- Opening Delimiter -
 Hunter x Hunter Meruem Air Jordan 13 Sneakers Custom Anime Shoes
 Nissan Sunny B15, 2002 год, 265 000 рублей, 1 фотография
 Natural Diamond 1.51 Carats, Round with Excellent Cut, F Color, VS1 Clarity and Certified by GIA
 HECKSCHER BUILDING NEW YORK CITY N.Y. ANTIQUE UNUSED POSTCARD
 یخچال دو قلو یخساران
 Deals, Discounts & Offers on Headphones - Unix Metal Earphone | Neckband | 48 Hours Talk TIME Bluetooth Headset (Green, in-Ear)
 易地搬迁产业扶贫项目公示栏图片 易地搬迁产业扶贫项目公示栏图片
- Closing Delimiter -
- Opening Delimiter -
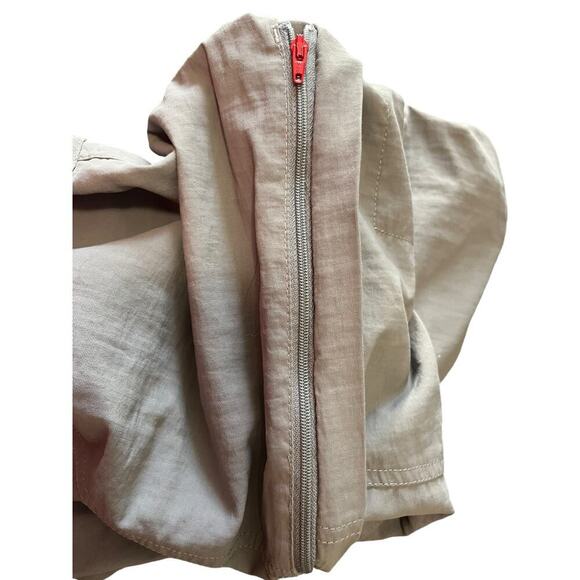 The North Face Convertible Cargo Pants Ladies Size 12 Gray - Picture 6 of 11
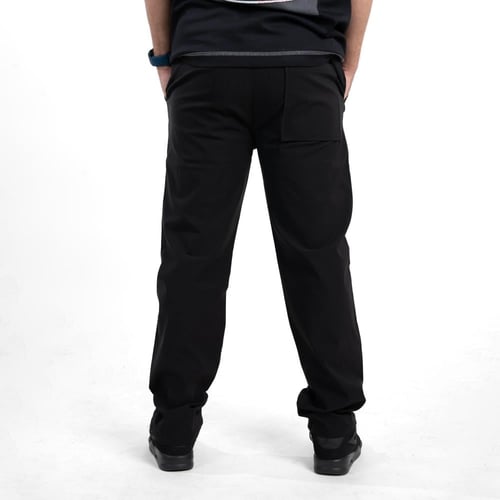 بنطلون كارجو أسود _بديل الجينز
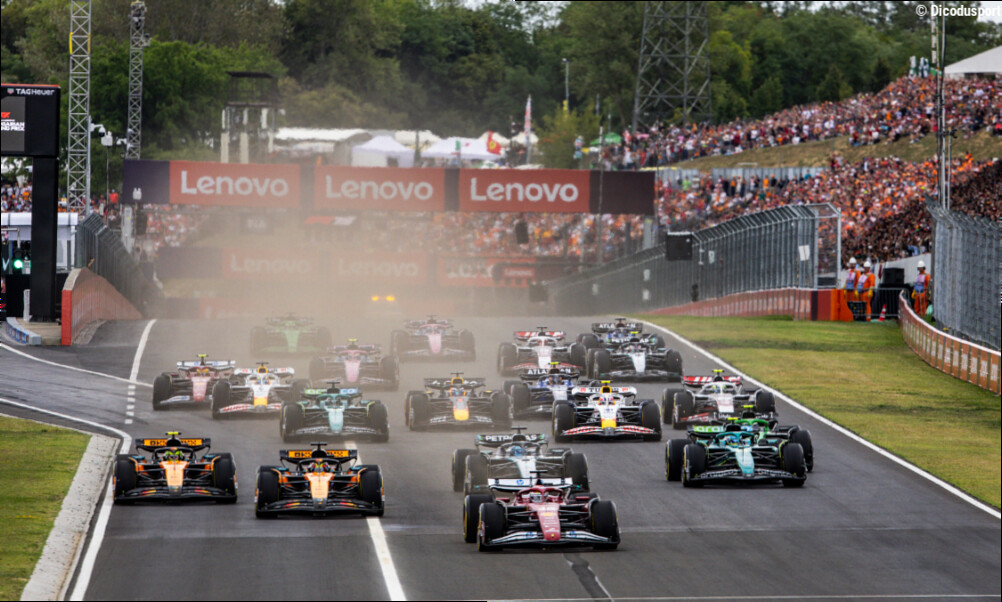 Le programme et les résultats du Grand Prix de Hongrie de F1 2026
- Closing Delimiter -
- Opening Delimiter -
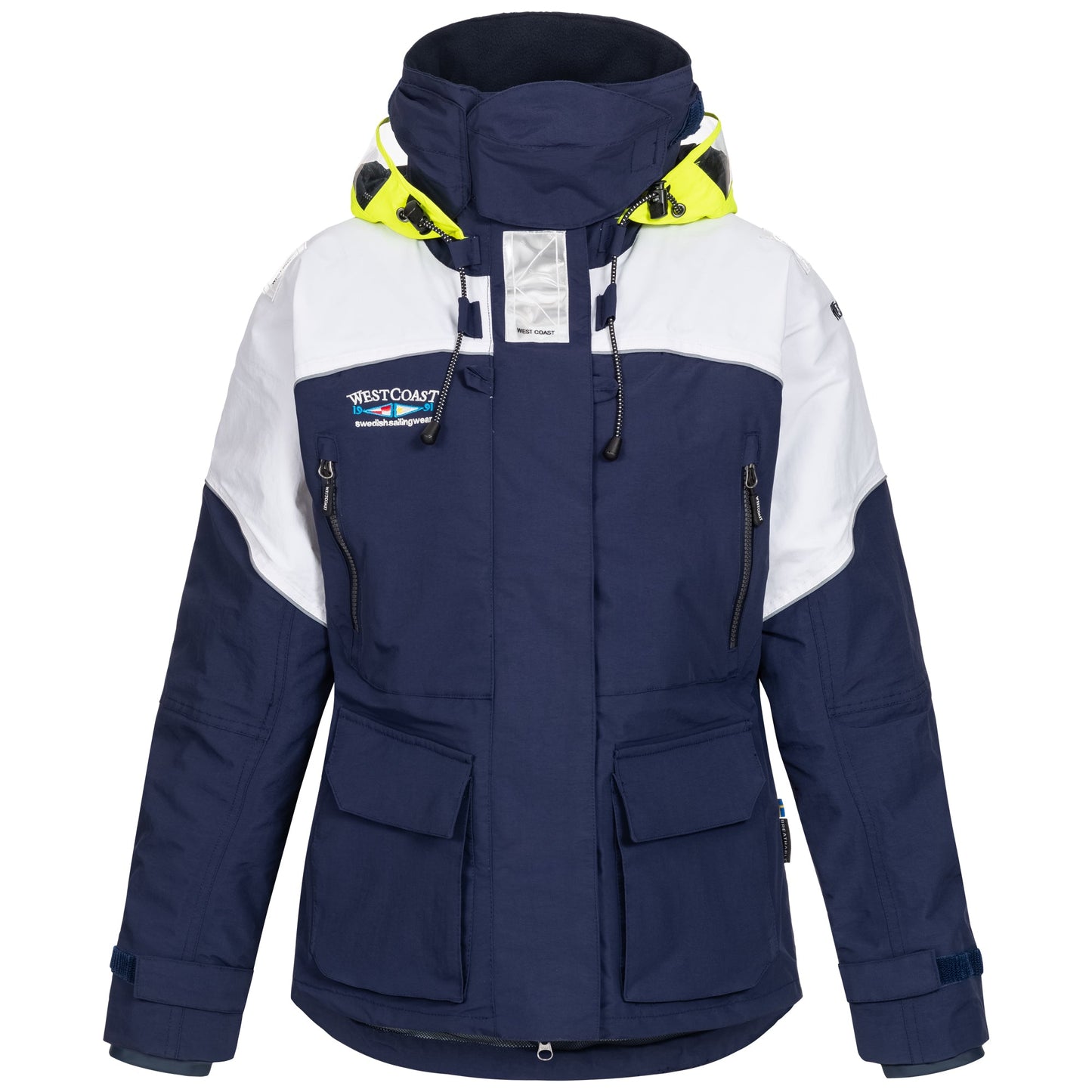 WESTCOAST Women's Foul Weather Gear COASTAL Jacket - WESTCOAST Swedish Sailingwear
- Closing Delimiter -
■ **WORK REQUIRED**
Starting with the line with "Deals, Discounts &" above and going on through the line with "易地搬迁产业扶贫项目公示栏图片 易地搬迁产业扶贫项目公示栏图片", transcribe every line exactly, both ends included, and add nothing.

■ **TASK RESULT**
 Deals, Discounts & Offers on Headphones - Unix Metal Earphone | Neckband | 48 Hours Talk TIME Bluetooth Headset (Green, in-Ear)
 易地搬迁产业扶贫项目公示栏图片 易地搬迁产业扶贫项目公示栏图片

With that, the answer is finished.